Army General Faces Court-Martial on Sex Charges
WASHINGTON -- An Army general will face court-martial on a series of sexual misconduct charges, including forcible sodomy, in connection with several illicit affairs, and could receive life in prison if convicted, the Army said Tuesday.
Included in the allegations against Brig. Gen. Jeffrey Sinclair are that he carried on affairs with and mistreated subordinate officers and later tried to impede the investigation of some of the offenses by deleting nude photos and other emails.
The case is the latest in a series of missteps by military leaders: At least five current and former generals at the rank of one-star or higher have been reprimanded or investigated for possible misconduct in recent months.
The five pages of allegations involved Sinclair's conduct with five women who were not his wife.
A 27-year Army veteran who served five combat tours, Sinclair is charged with eight crimes, including one count of forcible sodomy; two counts of wrongful sexual conduct; six counts of inappropriate sexual relationships, and eight counts of violating regulations. The charges involve activities when he was in Afghanistan, Iraq, Germany and at Fort Bragg, N.C., and they include violating what's known as General Order No. 1 -- possessing alcohol in a war zone.
Sinclair is also charged with disobeying orders, including an order from Maj. Gen. James Huggins, his superior officer, to cease contact with one of the women. The charges allege that Sinclair willfully disobeyed the order by calling the woman's phone.
Army officials said Tuesday that Lt. Gen. Daniel B. Allyn, commander of the 18th Airborne Corps, has referred the case to a general court-martial, and the arraignment is set for Jan. 22 at Fort Bragg, North Carolina.
The court-martial announcement was made early in the day Tuesday, but the charges were not released until much later. Throughout the Sinclair case, Army officials have been slow to release details of the allegations, which are routinely detailed in other cases -- usually involving soldiers of lower rank.
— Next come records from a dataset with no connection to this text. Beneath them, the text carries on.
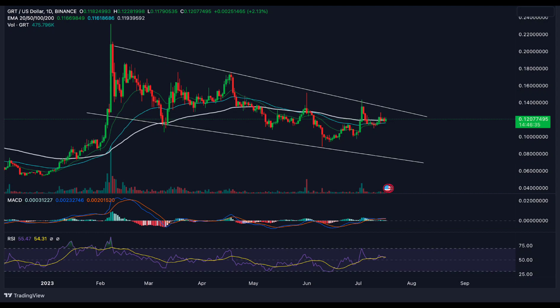GRT is now close to a resistance level. From the overall structure, GRT looks to have a bullish outlook. This resistance level will likely be breached, which could lead to further upward movement in the near future.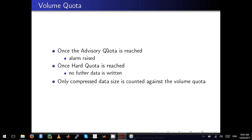Regarding volume quotas: once the advisory quota is reached, an alarm is raised but data will continue to be written. Once the hard quota is reached, no further data can be written, and any job that tries to write data to a volume where the hard quota is exceeded will fail. Remember that only compressed data is accounted against the volume quota.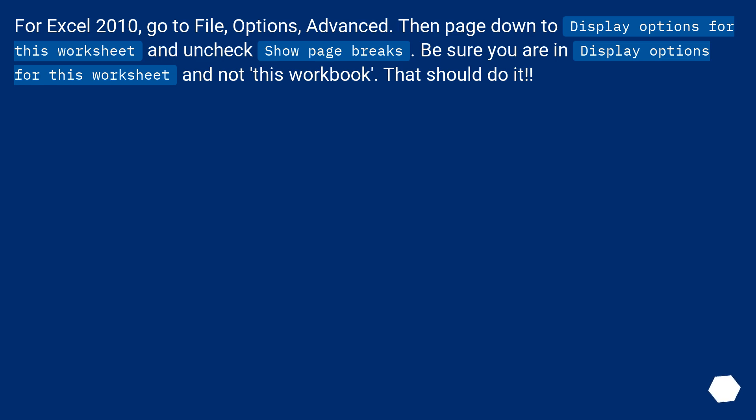For Excel 2010, go to File, Options, Advanced. Then page down to Display Options for this worksheet and uncheck Show Page Breaks. Be sure you are in Display Options for this worksheet and not this workbook. That should do it.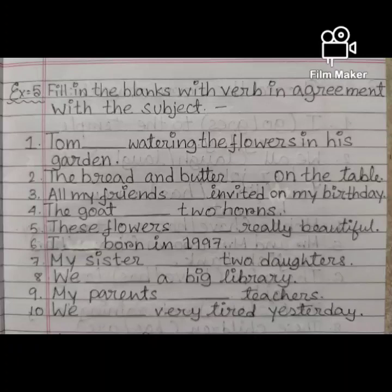6. I ___ born in 1997. 7. My sister ___ two daughters. 8. We ___ a big library. 9. My parents ___ teachers. 10. We ___ very tired yesterday.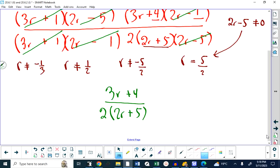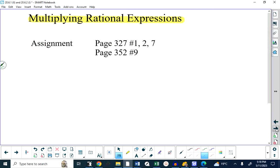That's the answer along with those non-permissible values. In this unit more than any other part of the course, you need lots of practice. We've only covered simplifying and multiplying so far — we haven't talked about dividing rational expressions, adding them, or solving equations. Your assignment is page 327 of your textbook, questions 1, 2, and 7, and also page 352, number 9. I hope the lesson went okay, have a great rest of the day and a fantastic weekend. Looking forward to seeing everybody on Monday. Take care.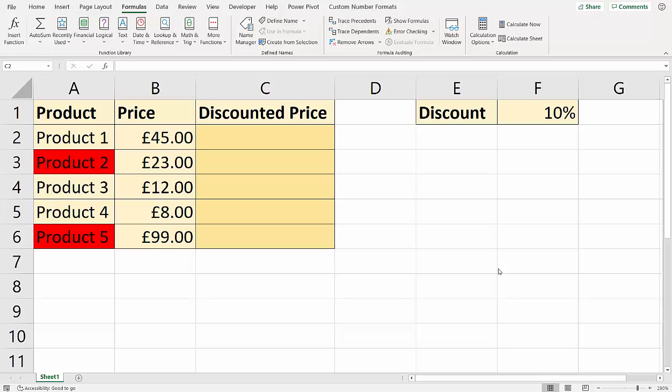Hi, it's Chester Tugwell and in this video we're going to look at IF based on color. So our logical test is going to look at the background color of a cell. In this scenario, if the product name has a red background, we want to apply a discount to the price. Otherwise we don't.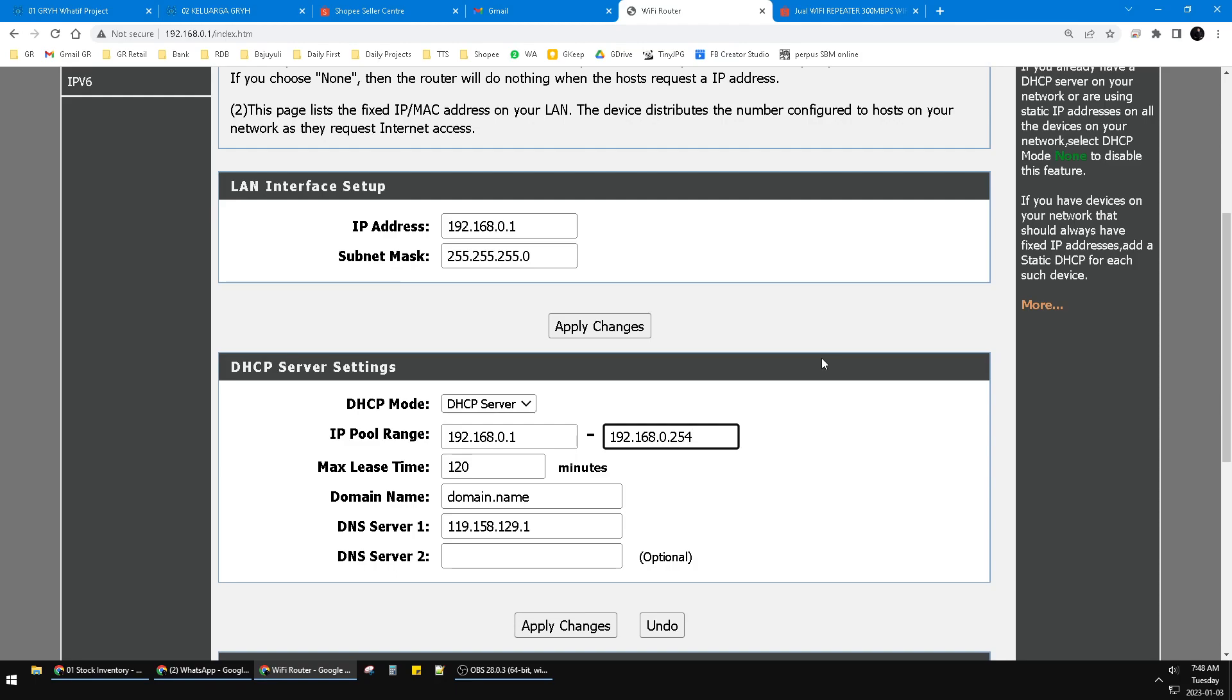The problem you're facing with your WiFi repeater could be different, but my problem was solved by doing this. I hope it's helpful for you and works for you too. Thank you for watching, bye.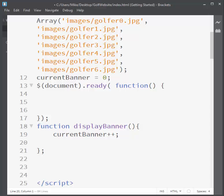As it increases by one each time, we need to check if we're at the end of the array. If we are, we need it to go back to zero. We'll use a simple if statement: we check the variable against banners.length — the dot-length property tells us how many items are in the array. If currentBanner matches banners.length, the curly braces reassign currentBanner back to zero.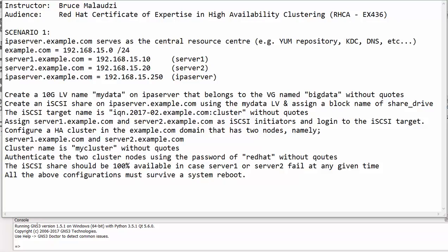Good morning to Red Hat engineers and executives. Welcome back to Sonnet Institute of Technology, and this is the Red Hat Certificate of Expertise in High Availability Clustering video course. My name is Bruce Malawdzi and I'll be your instructor throughout this video course.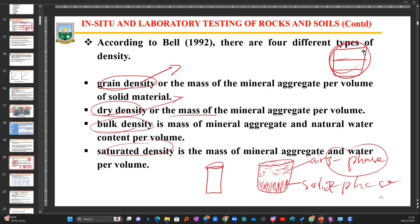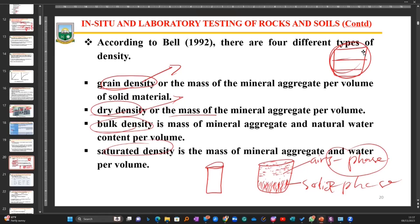Saturated density is where I intentionally soak the sample so that every empty space inside is filled with water, such that it can no longer take any fluid. Then I measure the volume and mass of that sample — which is without air but contains only water and solids — and calculate the density. That is what we term saturated density.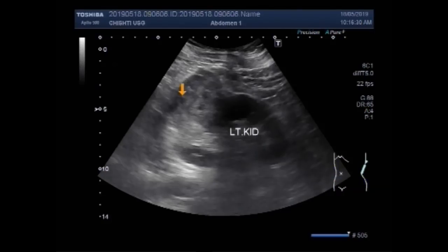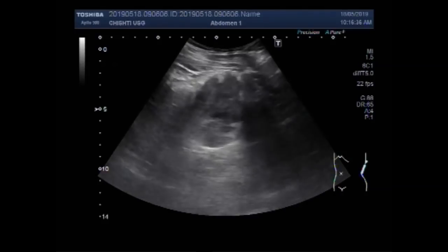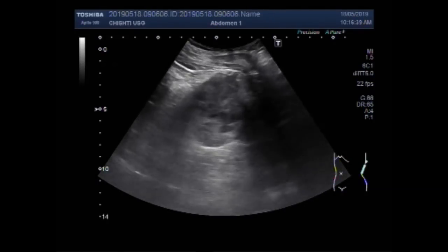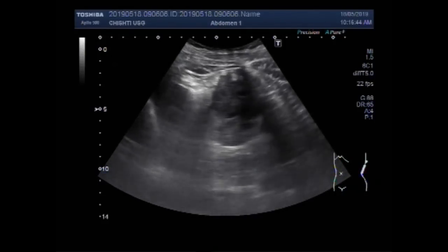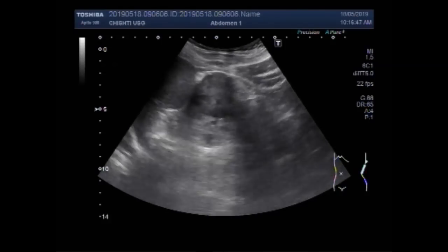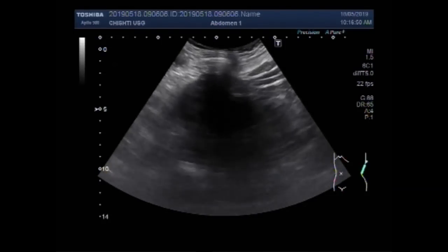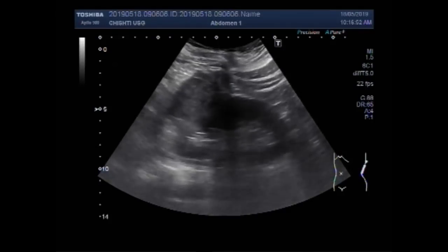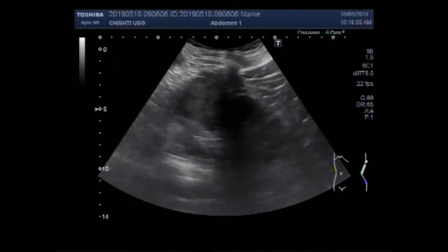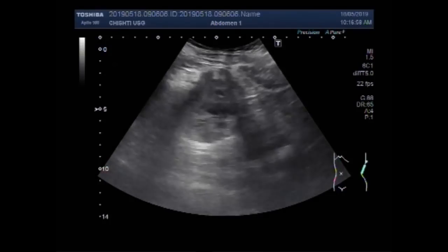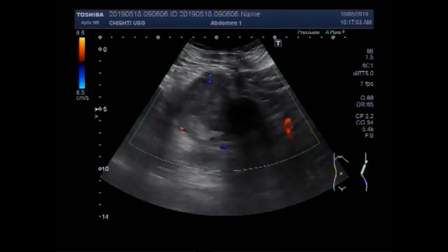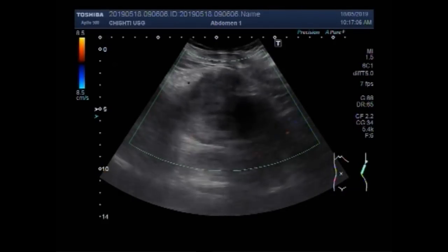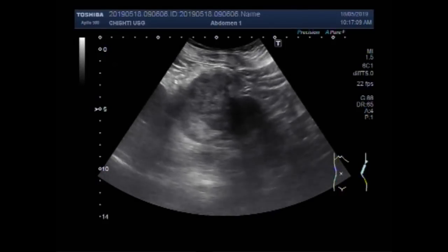This is the left kidney. This is the mass. The mass is round to oval in shape, semi-solid to solid in consistency, having heterogeneous echogenicity. And a fair amount of blood flow is also seen inside the mass.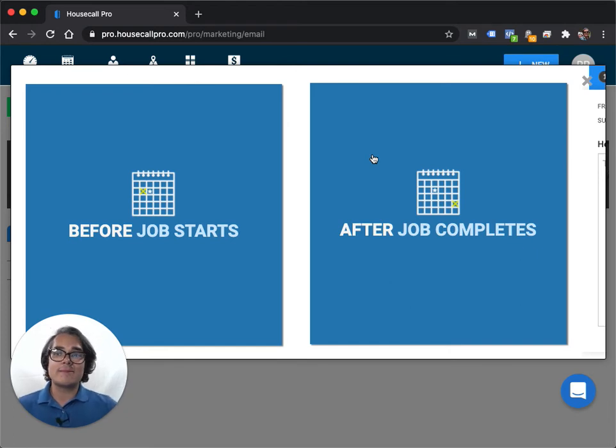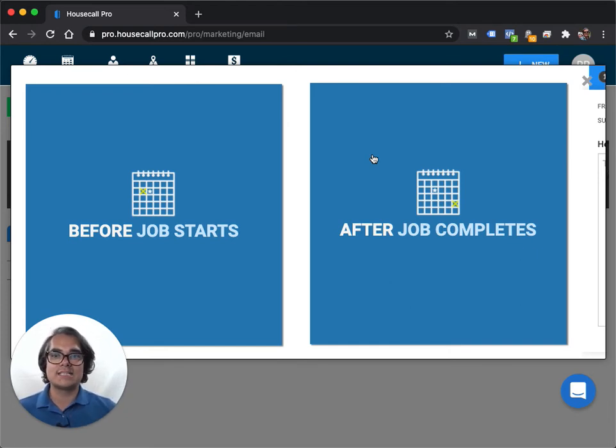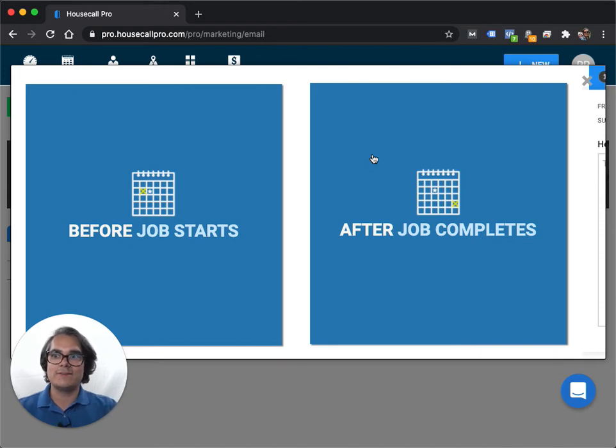If you want to automate even more, you could consider adding appointment reminders at six months, nine months, 18 months, 24 months.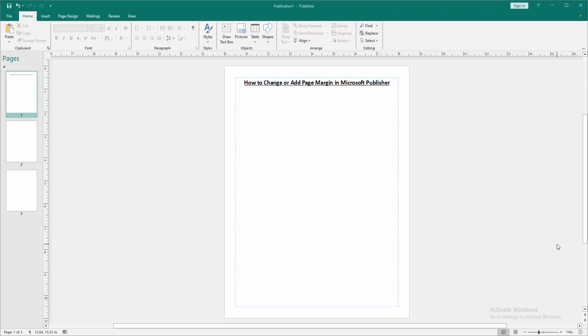Assalamualaikum, hello friends, how are you? Welcome back to my another video. In this video, I am going to show you how to change or add page margin in Microsoft Publisher. Let's get started.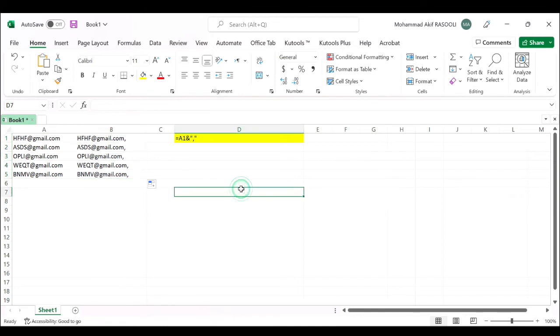You will see commas are added at the end of the text in the help column. Thanks for watching and please subscribe for more videos.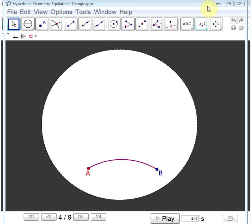We'll revisit some proofs from neutral geometry, but we'll carry these proofs out on a model of hyperbolic geometry, the Poincaré disk model.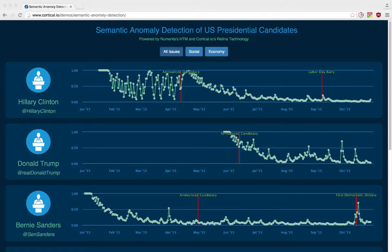Hi, I'm Taylor from Cortical.io in Vienna, Austria, and this is our team submission for the Numenta HTM challenge. We wanted to show how to combine the HTM with our Retina API, which works on text data. So we built a tool that analyzes the semantics of Twitter posts made by several US presidential candidates. The data source is the text content of their tweets, which is publicly available.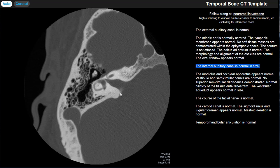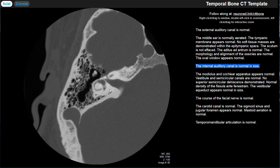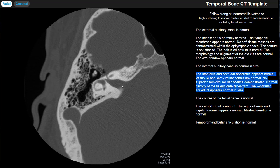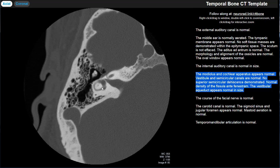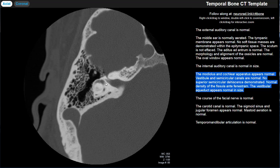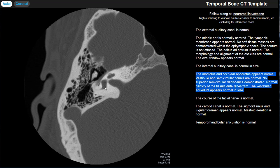Moving all the way medially, we have the internal auditory canal. I comment on whether it's normal in size — a large vestibular schwannoma might cause scalloping, though that's not a very common observation. Then we move on to the inner ear. The inner ear is surrounded by the otic capsule — the very dense bone of the petrous temporal bone. Within the otic capsule are the labyrinthine structures: the cochlea, the semicircular canals, and the vestibule.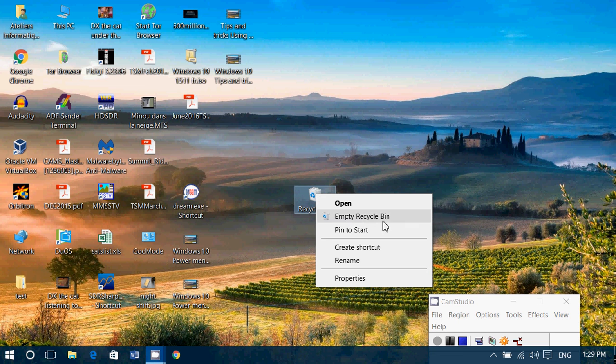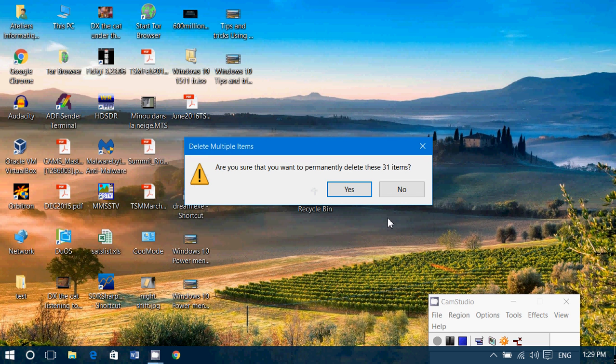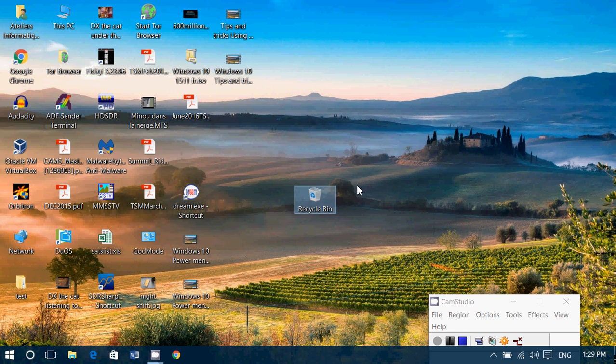And here, empty recycle bin. That's all you need to do. And click yes. And it's empty.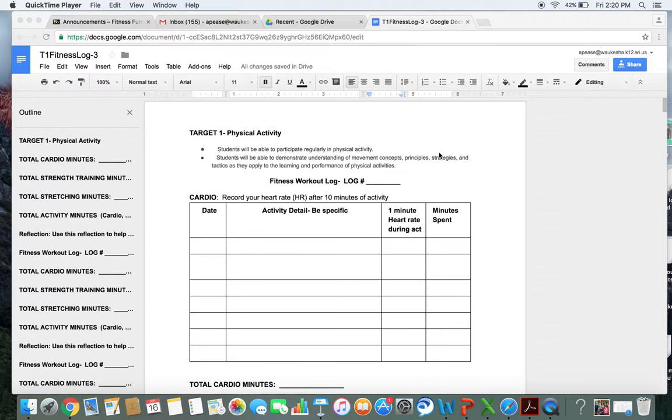This video is going to help clarify finding your heart rate for fitness logs. Oftentimes I get students that wonder how they can complete the heart rate section of their fitness log.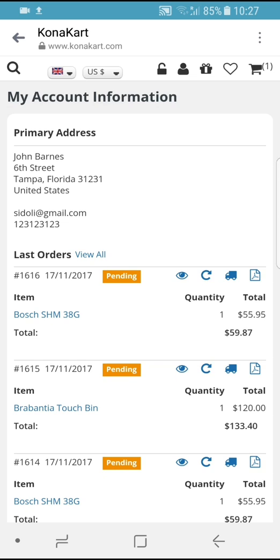That's about it for the demo. If you'd like any more details, please contact us at KonaCart.com and we'll see if we can help you get your own personalized bot up and running in no time. Thank you very much for your time. Bye bye.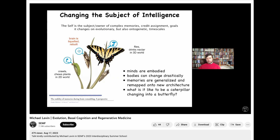So here are a few remarkable things. First, that memory survives basically the deconstruction of the brain. We don't have any computer architectures that work like that. So how does the memory even survive? I don't think we understand very much about how memory is stored at all.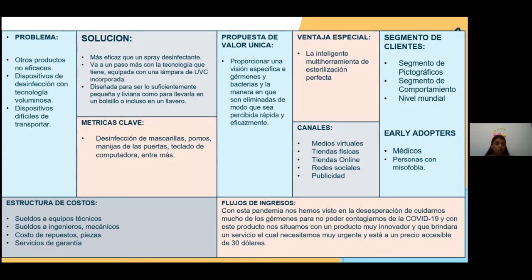También lo podemos llevar como llavero. En Métricas Clave, desinfecta los pomos, las manijas de la puerta, el teclado de la computadora, y también sirve, lo más importante, en lo que son las mascarillas y el celular.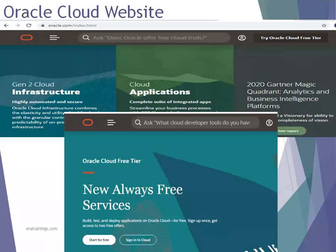The first thing you have to do is navigate to the cloud.oracle.com website. Here you can observe it shows an option called Generation 2 Cloud Infrastructure. This particular Generation 2 was released in the past couple of months, so the navigation for ICS has been changed.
Sinclair could face life in prison if convicted on the most serious criminal offenses.
The female captain at the heart of the Sinclair case admitted she carried on a 3-year sexual relationship with Sinclair, who is married. Adultery is a crime under military law, and the admission could end her career.
She also testified at an evidentiary hearing early last month that she repeatedly tried to break off the affair with Sinclair, who she says threatened to kill her and her family if she told anyone about their frequent sexual liaisons in hotels, headquarters and war zones. The woman admitted she typically wanted to have sex with the general, though she said that on two occasions in Afghanistan he exposed himself and physically forced her to perform oral sex, even as she sobbed.
Although the allegations involve five women, she was the only one who says he used physical force.
Defense lawyers painted the female captain as a liar and a scorned lover who was trying to ruin Sinclair's life and military reputation. During the hearings they characterized her as a "crazy" and manipulative "back-stabber" who blamed others for her mistakes.
The Associated Press does not publicly identify victims of alleged sexual assaults.
Two female officers who had served with Sinclair testified last month that they had given the general nude photos at his request.
His wife, Rebecca Sinclair, stayed away from the days-long military hearing but later went public with an opinion piece in The Washington Post. In that column she said she was not condoning her husband's infidelity, but she said that the decade of war has taken its toll on military couples and brought pressure on their marriages.
In an interview with the AP, Rebecca Sinclair said her husband called her last spring to tell her about the affair and allegations, and she said they were trying to mend their relationship.
Sinclair was deputy commander in charge of logistics and support for the 82nd Airborne Division in Afghanistan before being relieved in May during the criminal probe. He has been on special assignment since then at Fort Bragg.